I woke up to one of those modern literary accusations that is so dumb it almost deserves an award:
Apparently my Amazon author profile bio was “written by AI.” This one:
https://www.amazon.com/stores/author/B001K8IESG/about
Now, I want everyone to stop for a moment and admire the sheer athleticism required to arrive at that conclusion, because my Amazon profile bio has not meaningfully changed in over a decade.
That’s right. Over ten years.
Which means one of the following must be true:
1. I secretly used artificial intelligence before it became the all-purpose boogeyman for people who confuse confidence with evidence.
2. My stale old author bio was so offensively competent that it traveled back through time and became suspicious retroactively.
3. We are now living in an age where any complete sentence longer than seven words is considered “probably AI.”
I am honestly impressed.
There is something very funny about the idea that my ancient, dusty, cobwebbed Amazon profile bio - a thing I likely updated sometime around the era of bad knees, worse algorithms, and people still pretending Facebook was fun - has now been placed on trial as a futuristic machine artifact.
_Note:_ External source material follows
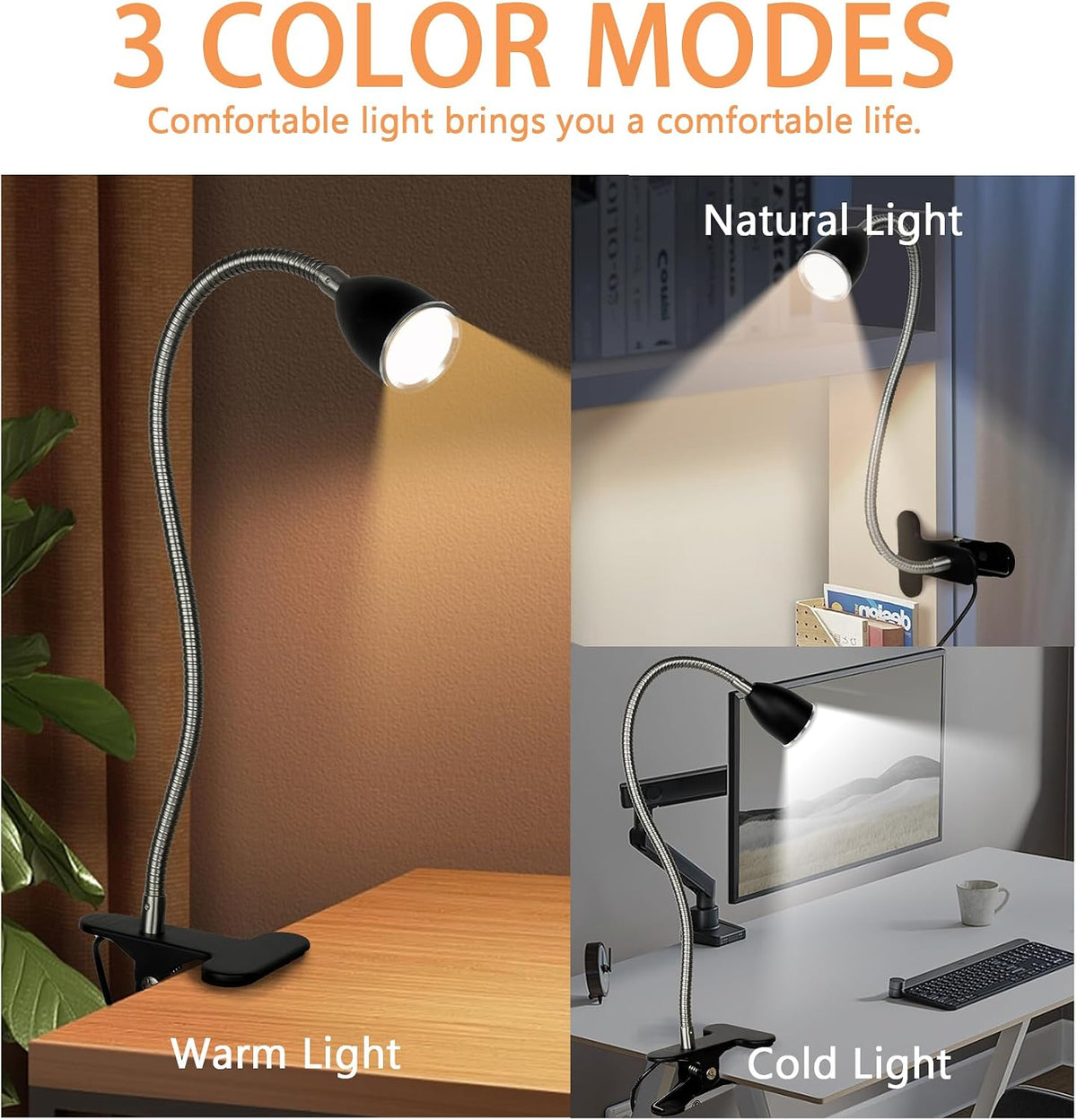 Desk lamp Eye-Caring Table Lamps, 360°Rotation Gooseneck Clip Lamp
Yes. Of course. Naturally.
Nothing says “cutting-edge AI deception” quite like a profile that has been sitting there untouched long enough to qualify for a museum label.
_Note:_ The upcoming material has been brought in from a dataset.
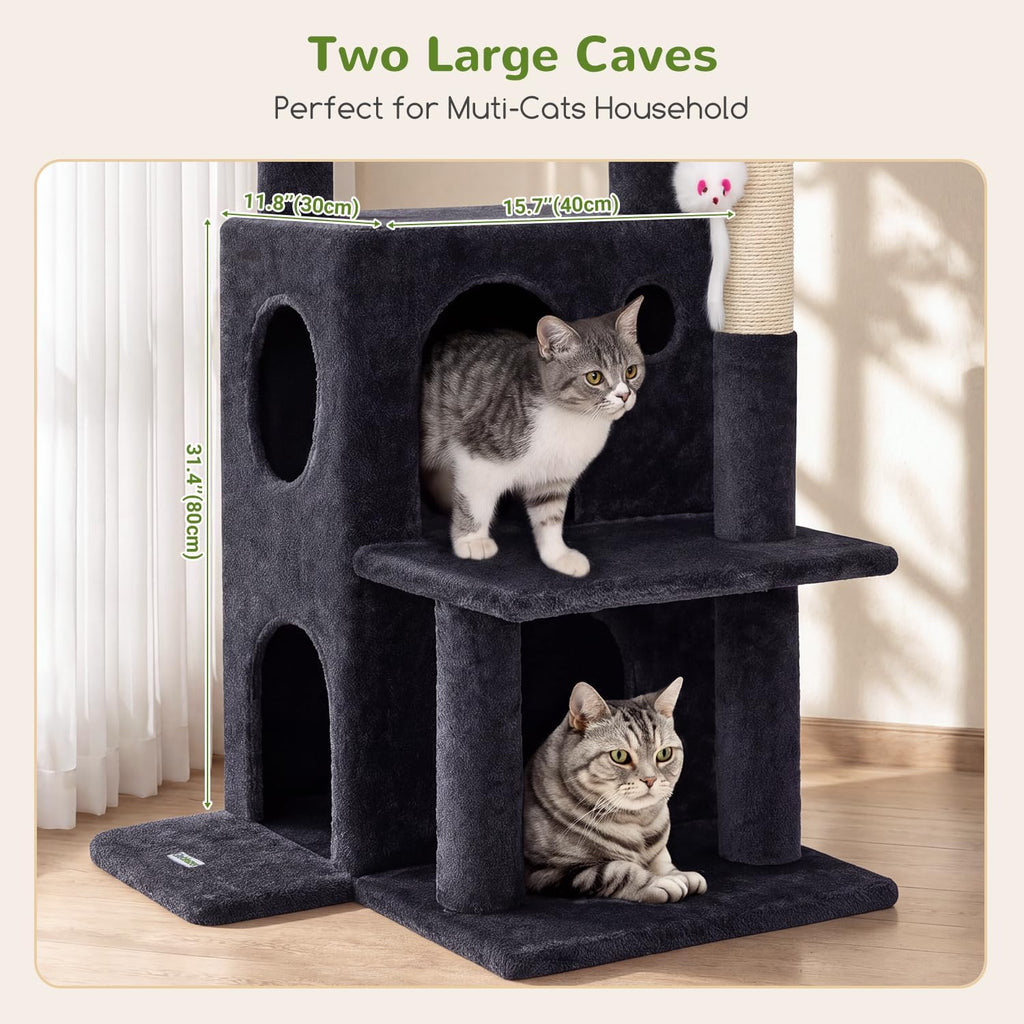Cat Tree Tower for Indoor Cats Large Adult, Dark Grey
Exhibit A: An author bio written years ago.
Exhibit B: The internet discovering in 2026 that biographies are sometimes polished.
Conclusion: ROBOTS.
That’s the level of scholarship we’re dealing with.
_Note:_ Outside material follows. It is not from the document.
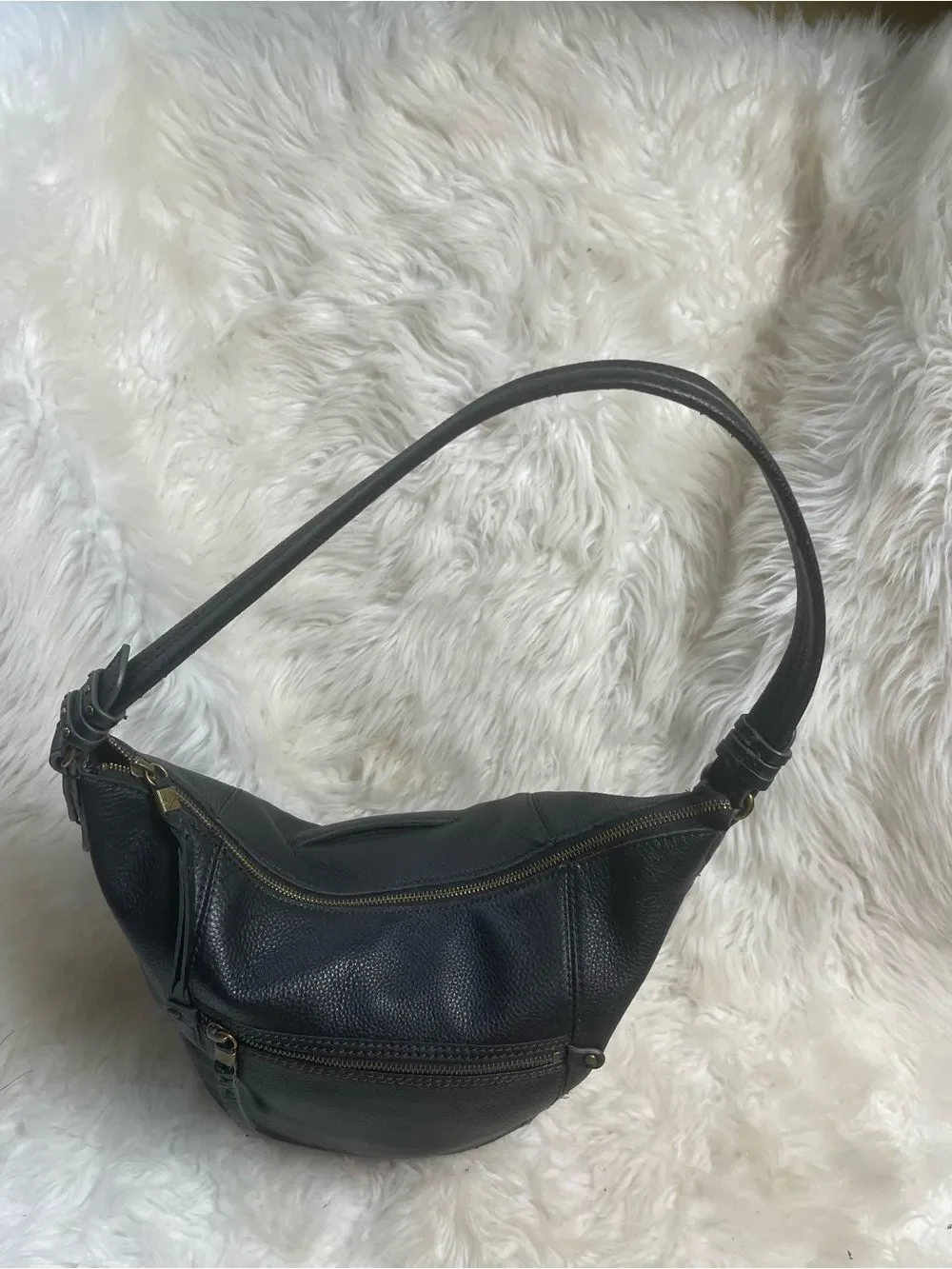 The Sack leather Black  Hobo Bucket style Shoulder Bag.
And this is what kills me about so much online nonsense now: people no longer need proof. They just need a vibe. A hunch. A whiff. A passing breeze of suspicion.
They squint at something and say, “Hmm. This feels generated.”
Generated by what, exactly? Literacy? Revision? The radical act of reading one’s own sentences before posting them?
Because if that’s where we are, then heaven help anyone who uses punctuation correctly. Every semicolon is now probable cause, and apparently any prose that uses an em dash is AI. Which is fascinating, since I was using em dashes by the thousand long before AI became the internet’s favorite explanation for everything.
I can just imagine the forensic process:
“Let’s see... this profile bio is coherent... the thoughts are arranged in order... the wording is not completely feral... yes, this was clearly produced by a machine.”
Terrifying.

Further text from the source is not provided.